This vendor-written tech primer has been edited by Network World to eliminate product promotion, but readers should note it will likely favor the submitter’s approach.
Enterprises have made many attempts to standardize the security evaluation of SaaS applications, including establishing certifications to improve clarity and normalize risk, purchasing compliance suites, and building frameworks to keep all of the information aligned, but none of these attempts have succeeded in establishing consistency. Organizations need a model that will effectively assess every type of SaaS application so comparisons can be made across the board.
In order to develop a comprehensive understanding of risk, there are a few key elements that must be fulfilled.

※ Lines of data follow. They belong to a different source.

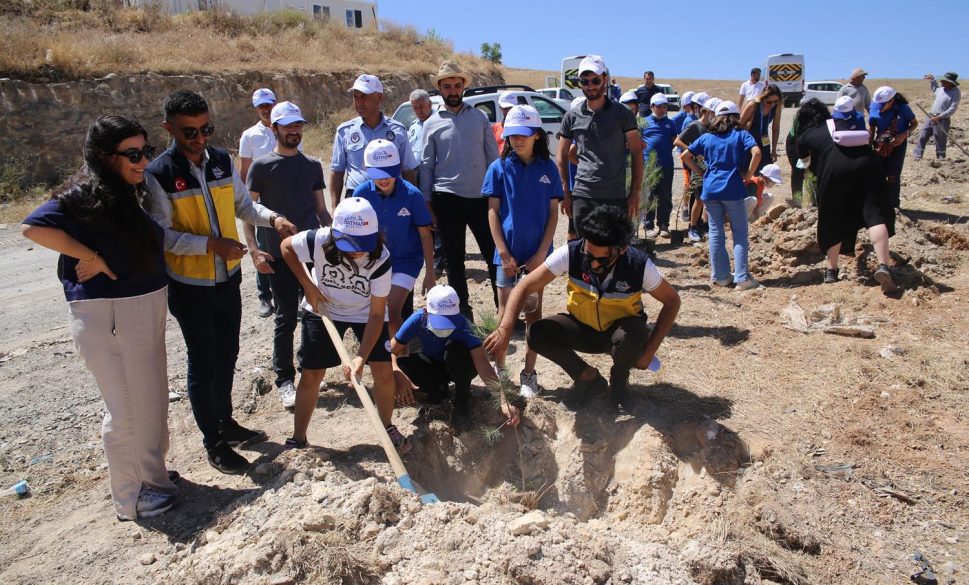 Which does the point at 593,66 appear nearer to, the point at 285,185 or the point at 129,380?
the point at 285,185

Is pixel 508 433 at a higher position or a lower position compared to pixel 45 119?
lower

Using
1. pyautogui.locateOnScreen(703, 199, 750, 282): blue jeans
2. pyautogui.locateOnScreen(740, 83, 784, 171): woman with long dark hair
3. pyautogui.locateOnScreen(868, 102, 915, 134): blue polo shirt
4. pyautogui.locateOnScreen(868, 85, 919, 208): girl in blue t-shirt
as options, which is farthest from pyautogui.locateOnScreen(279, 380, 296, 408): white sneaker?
pyautogui.locateOnScreen(868, 102, 915, 134): blue polo shirt

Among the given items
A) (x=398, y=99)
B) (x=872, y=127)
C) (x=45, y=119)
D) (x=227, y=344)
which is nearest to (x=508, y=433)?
(x=227, y=344)

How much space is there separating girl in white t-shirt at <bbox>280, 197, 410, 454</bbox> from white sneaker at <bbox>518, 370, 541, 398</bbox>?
867 mm

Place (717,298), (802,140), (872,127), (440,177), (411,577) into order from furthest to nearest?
(872,127) < (802,140) < (717,298) < (440,177) < (411,577)

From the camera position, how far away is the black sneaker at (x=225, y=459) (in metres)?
3.53

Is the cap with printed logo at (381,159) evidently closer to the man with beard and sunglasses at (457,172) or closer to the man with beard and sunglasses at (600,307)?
the man with beard and sunglasses at (457,172)

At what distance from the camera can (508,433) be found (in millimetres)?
4074

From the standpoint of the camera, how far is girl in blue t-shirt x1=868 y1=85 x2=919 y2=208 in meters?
7.34

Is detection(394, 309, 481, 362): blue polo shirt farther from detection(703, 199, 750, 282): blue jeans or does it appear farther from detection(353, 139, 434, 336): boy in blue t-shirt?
detection(703, 199, 750, 282): blue jeans

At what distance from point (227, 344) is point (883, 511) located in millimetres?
3509

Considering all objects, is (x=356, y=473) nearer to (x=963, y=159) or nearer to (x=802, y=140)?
(x=802, y=140)

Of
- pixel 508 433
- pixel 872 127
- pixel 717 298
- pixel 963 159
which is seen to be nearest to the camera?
pixel 508 433

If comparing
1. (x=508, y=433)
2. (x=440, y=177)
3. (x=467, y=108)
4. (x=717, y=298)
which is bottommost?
(x=508, y=433) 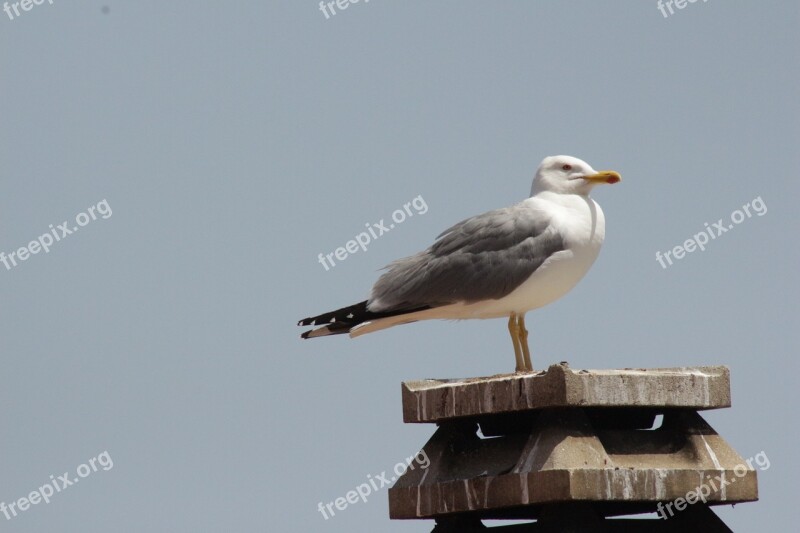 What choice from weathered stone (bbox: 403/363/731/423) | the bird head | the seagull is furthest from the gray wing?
weathered stone (bbox: 403/363/731/423)

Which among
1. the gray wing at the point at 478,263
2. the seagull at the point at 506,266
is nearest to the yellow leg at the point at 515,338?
the seagull at the point at 506,266

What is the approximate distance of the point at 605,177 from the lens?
11750mm

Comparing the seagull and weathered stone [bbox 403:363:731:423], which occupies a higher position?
the seagull

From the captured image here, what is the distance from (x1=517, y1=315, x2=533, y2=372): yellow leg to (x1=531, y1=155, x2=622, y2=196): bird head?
3.90ft

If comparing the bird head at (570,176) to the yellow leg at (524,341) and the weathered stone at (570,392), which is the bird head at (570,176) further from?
the weathered stone at (570,392)

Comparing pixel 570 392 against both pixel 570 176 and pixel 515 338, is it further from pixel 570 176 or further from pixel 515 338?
pixel 570 176

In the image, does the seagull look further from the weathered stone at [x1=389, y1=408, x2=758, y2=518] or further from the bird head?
the weathered stone at [x1=389, y1=408, x2=758, y2=518]

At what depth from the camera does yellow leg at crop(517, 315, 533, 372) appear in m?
11.8

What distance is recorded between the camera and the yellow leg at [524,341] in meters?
11.8

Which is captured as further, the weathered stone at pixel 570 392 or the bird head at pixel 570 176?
the bird head at pixel 570 176

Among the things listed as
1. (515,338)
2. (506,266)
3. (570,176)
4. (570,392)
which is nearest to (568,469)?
(570,392)

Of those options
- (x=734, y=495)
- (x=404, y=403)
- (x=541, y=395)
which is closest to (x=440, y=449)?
(x=404, y=403)

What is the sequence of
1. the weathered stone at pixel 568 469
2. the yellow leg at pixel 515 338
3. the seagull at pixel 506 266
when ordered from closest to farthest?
the weathered stone at pixel 568 469 → the seagull at pixel 506 266 → the yellow leg at pixel 515 338

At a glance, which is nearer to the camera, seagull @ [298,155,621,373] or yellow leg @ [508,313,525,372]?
seagull @ [298,155,621,373] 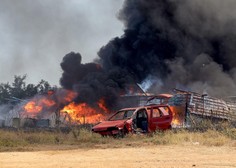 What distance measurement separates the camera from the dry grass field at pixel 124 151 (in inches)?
334

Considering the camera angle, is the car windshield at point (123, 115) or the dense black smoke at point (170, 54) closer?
the car windshield at point (123, 115)

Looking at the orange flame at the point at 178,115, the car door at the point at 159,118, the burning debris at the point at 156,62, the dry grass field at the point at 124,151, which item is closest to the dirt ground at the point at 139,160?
the dry grass field at the point at 124,151

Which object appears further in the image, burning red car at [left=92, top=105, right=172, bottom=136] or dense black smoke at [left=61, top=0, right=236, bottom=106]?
dense black smoke at [left=61, top=0, right=236, bottom=106]

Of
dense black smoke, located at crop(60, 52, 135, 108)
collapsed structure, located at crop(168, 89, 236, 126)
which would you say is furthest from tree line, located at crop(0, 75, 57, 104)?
collapsed structure, located at crop(168, 89, 236, 126)

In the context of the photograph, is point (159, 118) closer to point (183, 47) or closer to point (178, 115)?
point (178, 115)

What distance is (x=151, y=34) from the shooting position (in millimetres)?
37750

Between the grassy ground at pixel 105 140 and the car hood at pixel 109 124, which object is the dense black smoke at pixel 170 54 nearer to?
the car hood at pixel 109 124

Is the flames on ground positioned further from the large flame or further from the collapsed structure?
the collapsed structure

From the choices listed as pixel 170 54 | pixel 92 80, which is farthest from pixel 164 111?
pixel 170 54

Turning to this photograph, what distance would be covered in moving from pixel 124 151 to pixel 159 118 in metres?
6.09

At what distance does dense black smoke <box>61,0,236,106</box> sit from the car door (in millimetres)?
15744

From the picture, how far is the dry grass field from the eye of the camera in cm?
848

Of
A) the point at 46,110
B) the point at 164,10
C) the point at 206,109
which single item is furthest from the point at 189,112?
the point at 164,10

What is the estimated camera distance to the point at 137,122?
55.6 feet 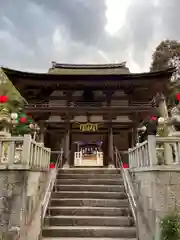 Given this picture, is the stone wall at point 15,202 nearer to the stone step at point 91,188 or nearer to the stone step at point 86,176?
the stone step at point 91,188

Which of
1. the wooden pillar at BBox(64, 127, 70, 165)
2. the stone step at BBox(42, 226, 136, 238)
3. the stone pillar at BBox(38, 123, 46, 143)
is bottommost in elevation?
the stone step at BBox(42, 226, 136, 238)

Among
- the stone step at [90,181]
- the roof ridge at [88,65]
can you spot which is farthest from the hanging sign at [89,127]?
the roof ridge at [88,65]

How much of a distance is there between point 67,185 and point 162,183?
366cm

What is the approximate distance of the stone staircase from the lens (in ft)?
18.1

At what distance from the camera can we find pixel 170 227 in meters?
4.45

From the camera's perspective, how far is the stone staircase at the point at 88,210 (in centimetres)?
550

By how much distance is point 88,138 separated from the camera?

Without these elements, it will be much more challenging for to develop a thorough understanding of risk. Unfortunately, these elements are often the most difficult to fulfill.
The first is corroborating data. Most IT departments conduct vendor security assessment in a vacuum without adequate information. Each auditor may have a piece of the overall puzzle, but none actually see the bigger picture because they rarely collaborate and typically only assess vendor security once before purchasing a solution, meaning that they make risk conclusions with what amounts to single data points on vendor controls.
The second element is a comprehensive view of the SaaS vendor’s security practices. Some SaaS vendors are reluctant to provide auditors the full details of their security practice for fear it may lead to reduced efficacy of their security controls. For example, exposing the details about an encryption implementation might allow attackers to devise a plan to break the encryption, so vendors are often hesitant to reveal this information. As a result, IT departments don’t have a complete understanding of the security controls the vendor has in place.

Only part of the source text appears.